The wide but shallow stage area has been filled by designer Harlan Penn with a small room at stage right for the basement clinic, while the remainder of the setting shows an exterior door to Napoleon’s house at right center, and its living room interior occupying most of the remaining space. It’s a relatively naturalistic environment that also allows for street scenes to be played downstage. The lighting, by Marika Kent, and costumes, by Gail Cooper-Hecht, are functional, while Bill Toles’s sound design provides both musical standards (like “Take the A Train”) and effective suspense-generating instrumentals.
THE LAST SAINT ON SUGAR HILL works mainly because of the strong performances of its all-male cast under Seret Scott’s capable direction, but the play strains for credibility. Napoleon, given a dynamic portrayal by Mr. Johnson, is a two-dimensional, profanity-spewing monster; barely a sentence goes by without him saying “nigger” this and “nigger” that. (The audience laughed at this language and, for some reason, even at some dramatic scenes.) His name alone is enough to indicate the playwright's purposes, although Napoleon prefers to think of himself as a latter-day Toussaint Louverture.
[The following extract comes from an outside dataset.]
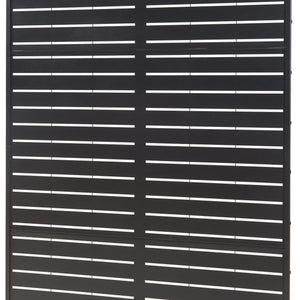 Inomhusavskiljare Trolu Stål 200x100x50 cm Svart [casa.pro]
Dexter, well acted by Jaime Lincoln Smith, seems too smart to be in such thrall to his father’s megalomania and brutality. The homeless man is a too-obvious mechanical device and not a person, and only contributes to making the action seem formulaic. And it's not clear why it takes so long before anyone suggests that offering the squatter some form of monetary compensation might be a better idea than murdering him.
Mr. Adkins’s dialogue is rich in black street talk and wisecracks and his plot setups provide conflict and action, but there always remains the feeling that we’re watching an artificial construction. Still, this two-act melodrama, which runs about two hours, has several gripping scenes and it lands some telling blows about the dangers of gentrifying a place like Harlem. It also argues well for the importance of community activism. The National Black Theatre is an exemplar of such activism: may it continue for at least another 45 years.